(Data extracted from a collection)
- Opening Delimiter -

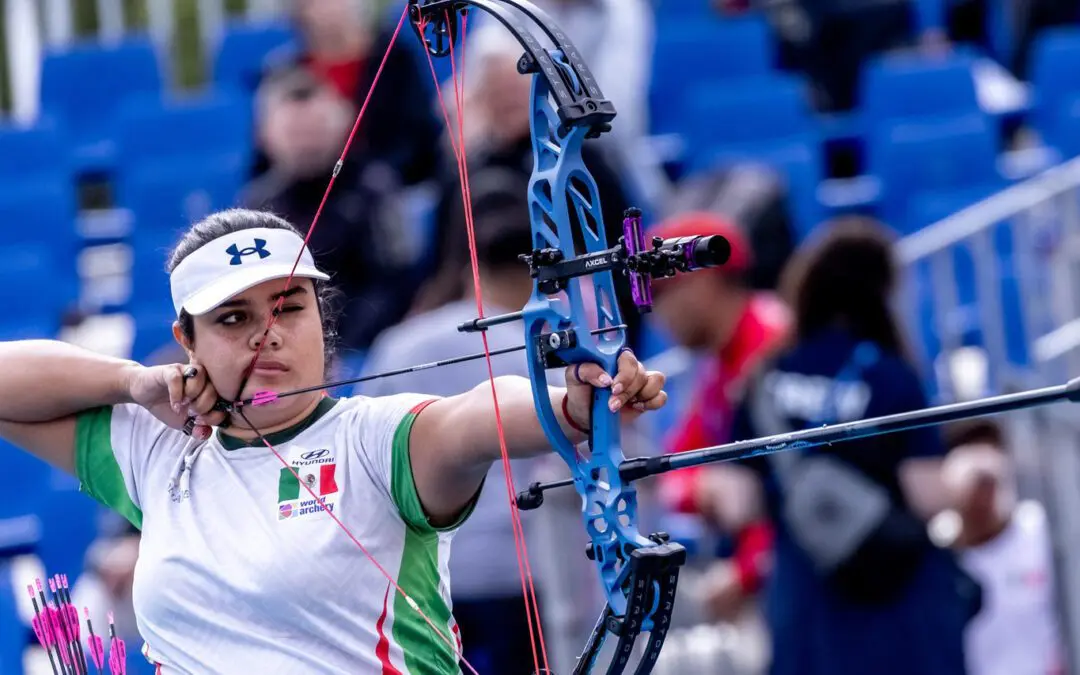 GAS Shooters Capture Podiums at World Championships in Berlin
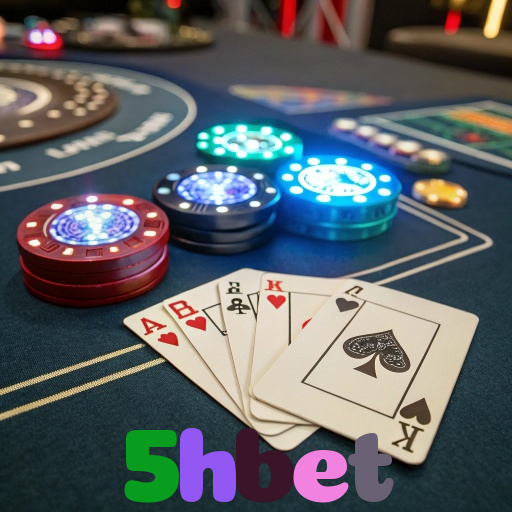 5hbet:Aposte no futebol, jogue poker e conquiste vitórias épicas!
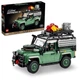 Zestaw klocków LEGO Icons Land Rover Classic Defender 2336 elementów (10317) - obraz 2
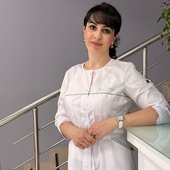 Колачева Алеся Николаевна, гинеколог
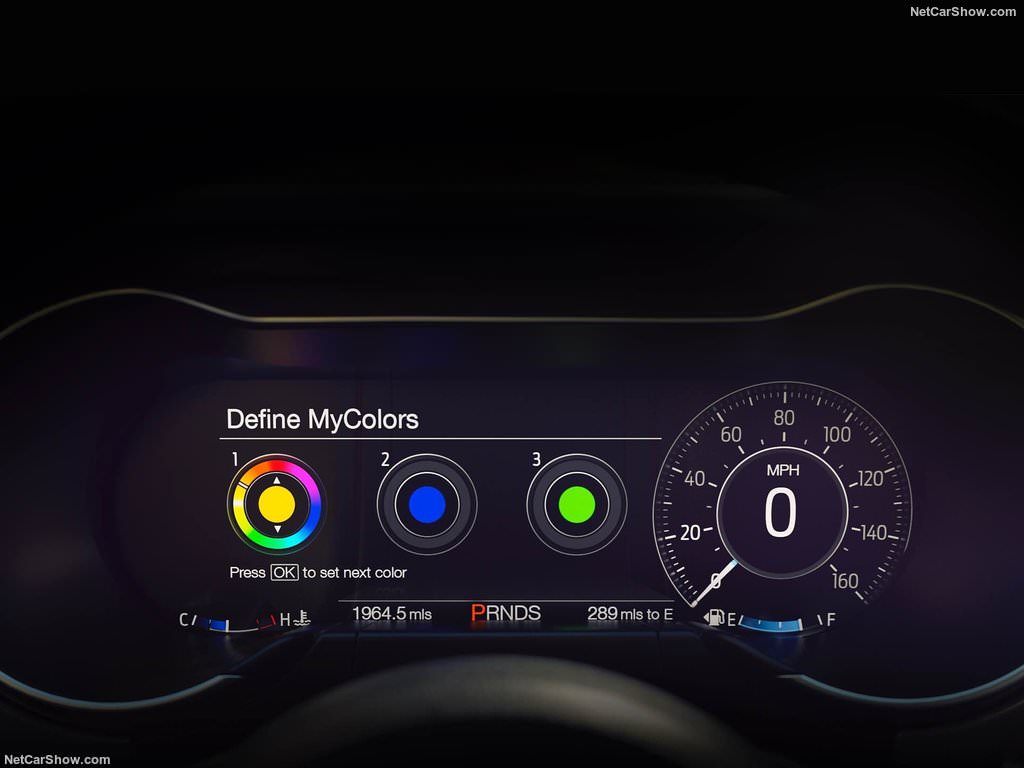 2018 Ford Mustang GT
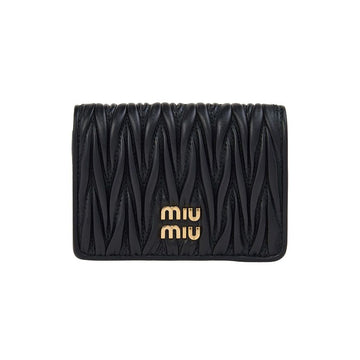 MIU MIU 5MV021 AFPP F0002 SS26 Damen Kleine Materass Brieftasche 150514703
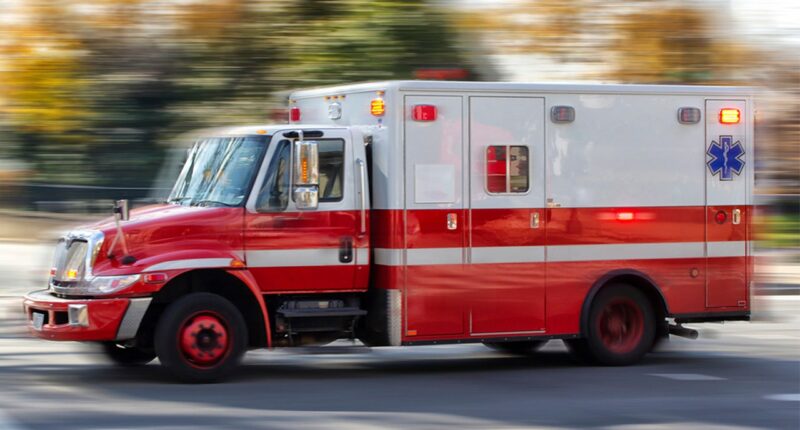 Floor collapse at New Hampshire wedding venue leaves 6 injured, investigation underway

- Closing Delimiter -

What the answer must hold is the exact text of every line from the one containing "Колачева Алеся Николаевна, гинеколог" through the end of the data, minus any pictures.

 Колачева Алеся Николаевна, гинеколог
 2018 Ford Mustang GT
 MIU MIU 5MV021 AFPP F0002 SS26 Damen Kleine Materass Brieftasche 150514703
 Floor collapse at New Hampshire wedding venue leaves 6 injured, investigation underway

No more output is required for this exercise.